Whether you open a website or walk into a bookstore, there's nothing like the feeling of choosing what you're going to read next. Sadly, I've been disappointed more often than thrilled this year, and at lunch with a friend the other day, she said the same. "Maybe we read too much," she told me. "We've heard it all and seen it all as far as stories go." While that might be true, I can still get pulled into a book if it's done well, as I have been with my current read, WE BEGIN AT THE END by Chris Whitaker. It's not an easy book, but when I find myself thinking, even worrying, about the characters when I'm not reading, I know it's because of good writing. Of course, reading is as individual as writing. I can't tell you the book will affect you the same way. I can only give you my reaction.
Choosing a new book is both easy and hard in our time. There are tons of books and tons of places to find them. Still, I've noticed that the traditional publishing world is very much centered on safe choices these days, and they often don't appeal to me. One safe choice is the trending topic. When a book is a success, you can expect a couple dozen similar ones will follow. The covers will be similar in mood and style. The titles will suggest the bombshell best-seller. I got sick of books with "GIRL" in the title some time back. And the time/setting/focus will be the same. Right now it's WWII stories. After some excellent ones (and there still are some out there), we have a host of pale copies, like the one I'm currently reading, which tells me how the protagonist feels as if describing what she had for breakfast and boils down to French people=good, Nazis=bad. Quelle surprise!

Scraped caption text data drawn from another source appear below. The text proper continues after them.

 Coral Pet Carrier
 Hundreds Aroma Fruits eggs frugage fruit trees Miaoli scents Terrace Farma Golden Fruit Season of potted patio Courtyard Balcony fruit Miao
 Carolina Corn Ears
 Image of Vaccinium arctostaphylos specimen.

The other safe choice for traditional publishers is authors who already have
a name. While there are authors whose work I always buy, smart readers know some of them don't write their own stuff anymore. Look for the
"with ___" on the cover, which means in most cases that some unknown author wrote
it and the "big" author agreed to put his/her name on it, equaling a
nice paycheck for everyone. Then there's "franchising," a way of benefiting from an author's name when he's too old to write or even after he's died. It all comes down to money, but for discerning readers, that results in disappointment.
I also note with sadness that editing has suffered--not so much in grammatical things but with allowing big-name writers to do whatever they like. Length is stressed over concise storytelling, and I sometimes find myself paging through to find the plot. I skipped about twenty pages of a legal thriller the other night, and when I jumped back in, the SAME WITNESS was still testifying. Big authors are allowed more leeway to stretch credulity as well. In a book by a well-known author, a fifty-year-old male murder victim was mistaken for a young woman because the killer covered the corpse with flowers. ("Oh, right, guv, we can't move all those flowers. We'll assume it's a young girl because she's done up like Ophelia in Hamlet.")

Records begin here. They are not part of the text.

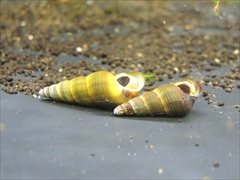 ラビットスネール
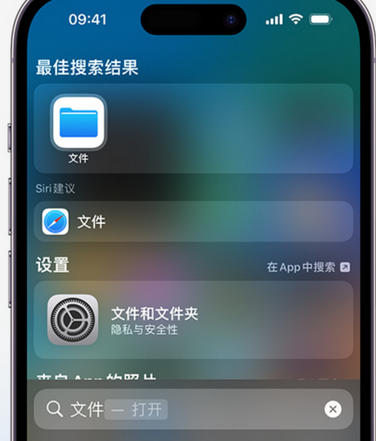 临邑apple维修中心分享iPhone文件应用中存储和找到下载文件 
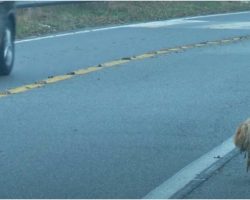 Matted Dog Ceaselessly Glares At Cars For 2 Years Hoping Her Owner Returns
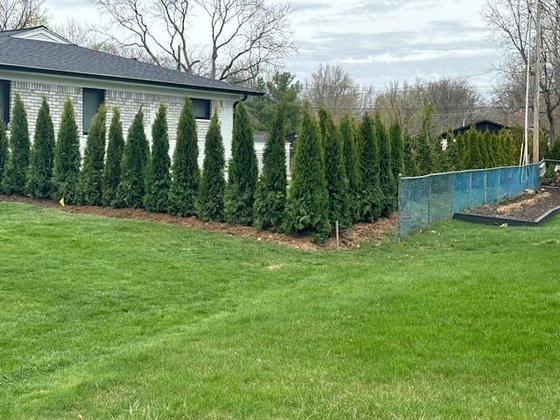 Emerald Green arborvitae installation in Oakland or Macomb County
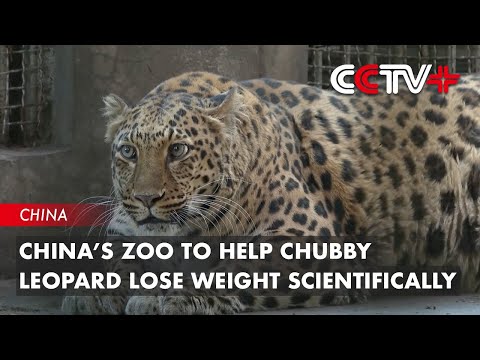 China’s Zoo to Help Chubby Leopard Lose Weight Scientifically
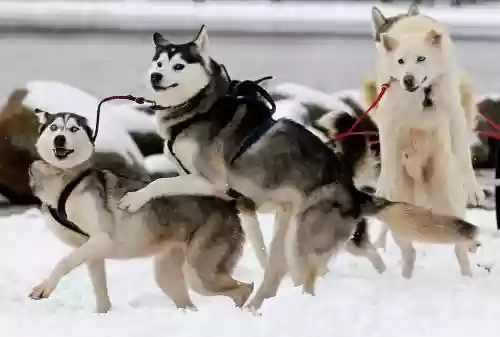 雪橇阵容插图1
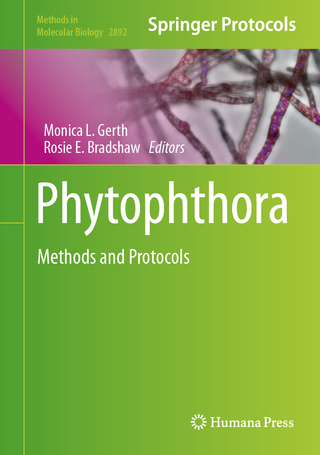 Phytophthora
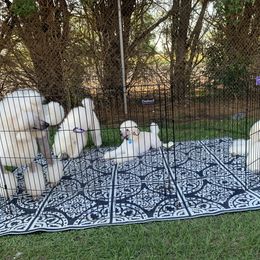 Poodle Puppies from Gwynt Standard Poodles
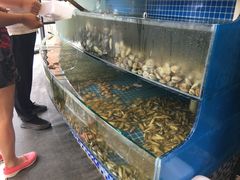 -蟹谢蒸鲜自助餐厅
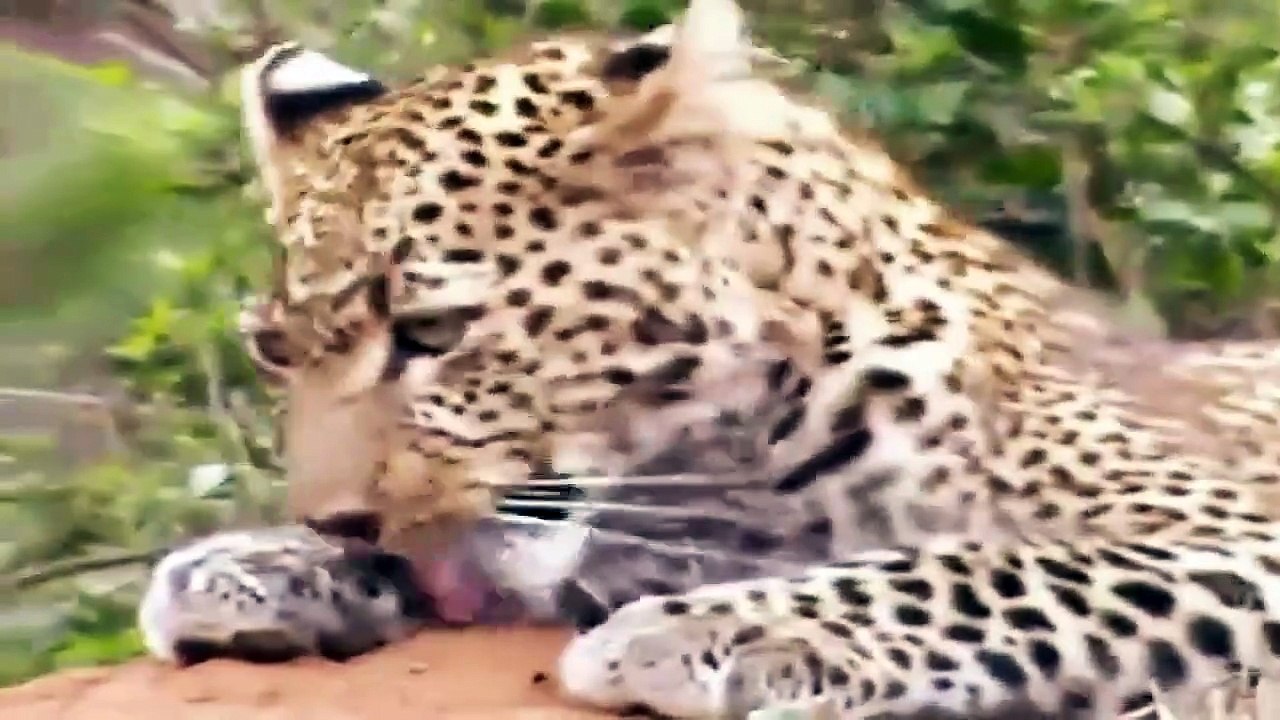 Big Cat Diary S3E2 - Part 1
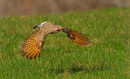 Pic flamboyant mâle en vol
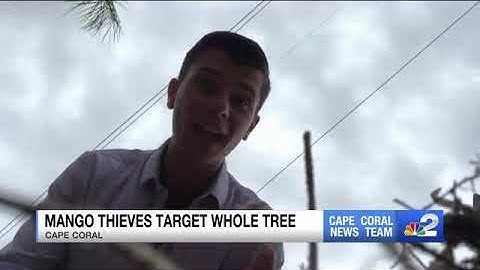 Fruit thief steals mango tree from Collier County yard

On the other side of traditional is independent publishing. (In case you're wondering, I started out with a traditional publisher and am now independent.) The problem here is uncertainty as to the quality of the work. Anyone--and I mean anyone--can publish on a dozen sites without investing a single penny, and that means there's a lot of bad work out there. Conscientious writers (like me!) hire editors and test their books with beta readers many times in the process, so they are fairly confident they've got a story worth reading. For a reader, however, it's hard to tell the difference when book shopping.
The other problem with independent authors' work is finding it. Type in a keyword like "mystery" and you'll get a list of the big names. But what if you've already read everything your favorites have written? There's no way to find an independent author with a similar style. We depend on social media to publicize our work, and the results are spotty at best. Often people say things like, "I really liked KIDNAP(.)org. Have you written any more books like that?" or "I read all your historical mysteries. Do you ever publish anything else?"
So how can you find authors new to you who write good stories? It's not impossible.
Read the recommendations of bloggers/influences who like the kinds of books you like. Here's one: https://radio-joyonpaper.com/?s=Peg+Herring
NOTE: The cover was different back then. Here's what it looks like now:
Check out the samples on Amazon or other bookselling sites or read a few pages in your local bookstore (They don't mind). I can usually tell with that much if it's my kind of book or not.
Talk to people, online or in person, to find out what they like. I met a woman in a bookstore the other day who recommended a book to me (WWII era) and I bought it. I also often take booksellers' recommendations. They read a LOT of books, so they know if a particular story rises above the ordinary. I have found that young booksellers aren't as helpful as those closer to my age, though. Kids think J.K. Rowling was the first writer to ever explore the idea of a kid learning he wasn't just an ordinary guy--sheesh!